COLLECTED DATA:
- - - - - - -
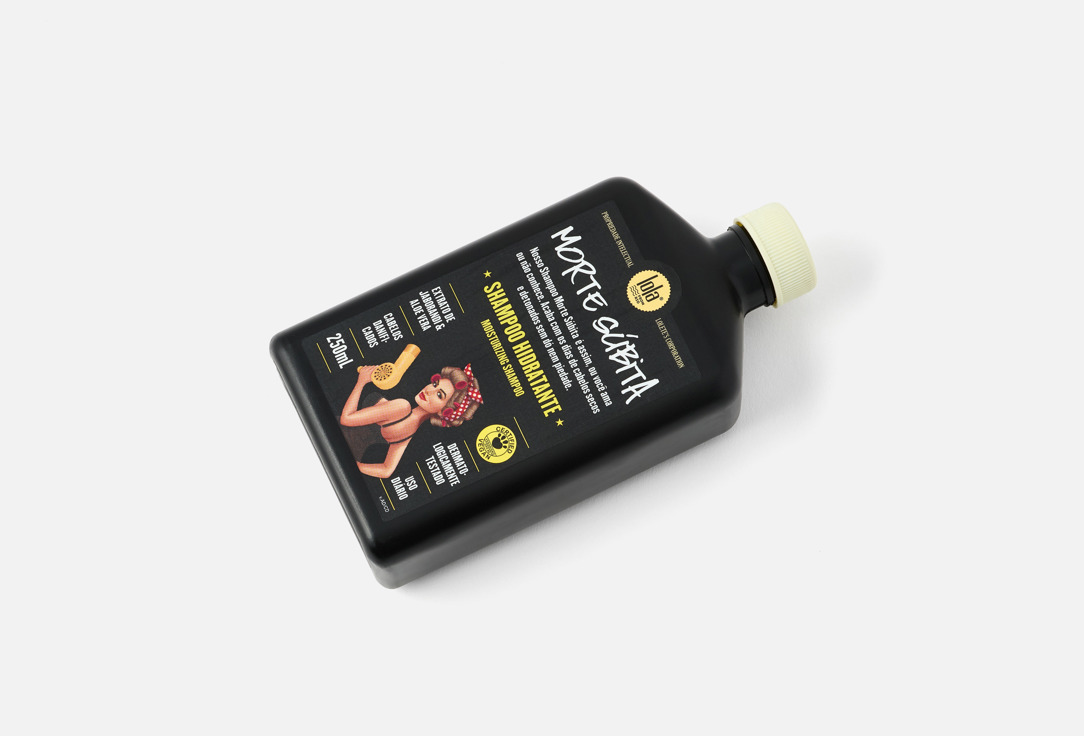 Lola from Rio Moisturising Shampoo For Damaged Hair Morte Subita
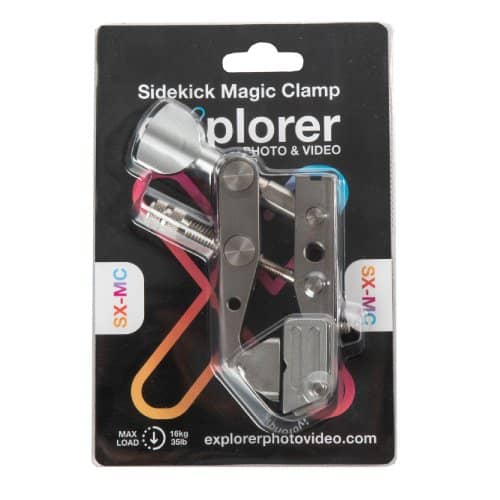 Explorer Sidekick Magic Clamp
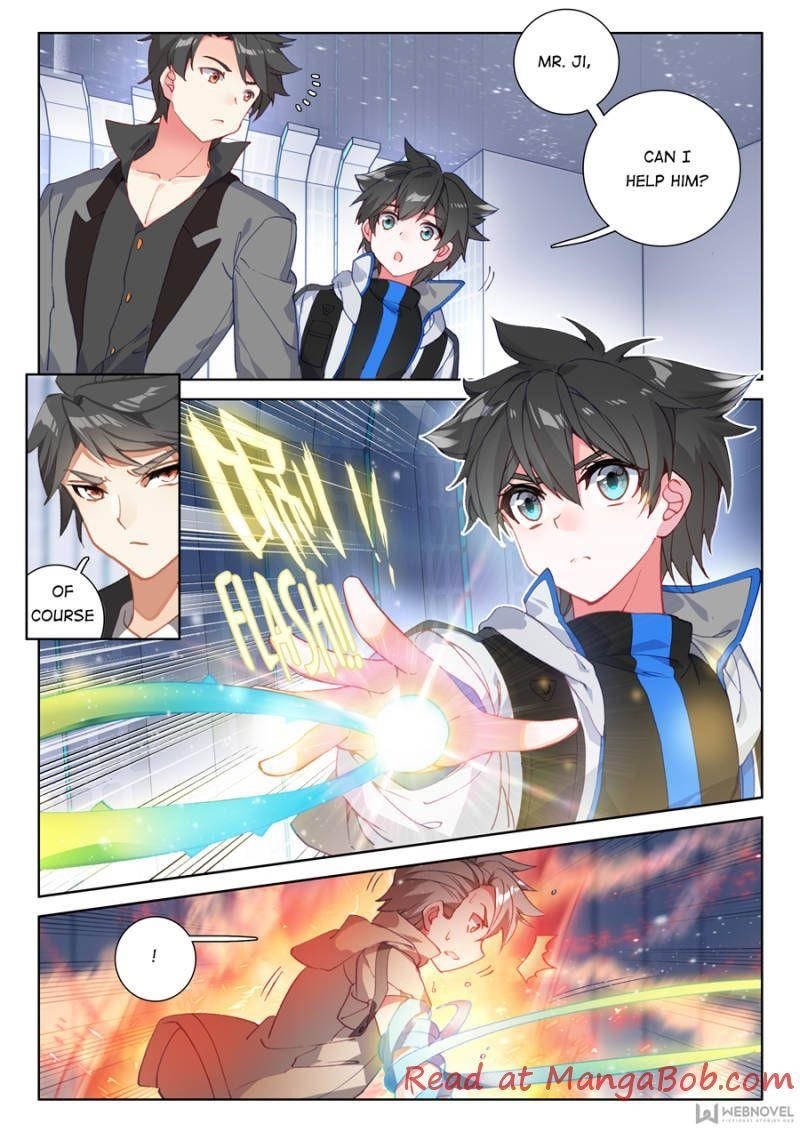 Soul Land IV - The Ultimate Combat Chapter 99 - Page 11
- - - - - - -
REQUIREMENT: Copy the lines exactly. Start at the line with "Explorer Sidekick Magic Clamp", end at the last line above, include both, and omit all pictures.

WRITTEN ANSWER:
 Explorer Sidekick Magic Clamp
 Soul Land IV - The Ultimate Combat Chapter 99 - Page 11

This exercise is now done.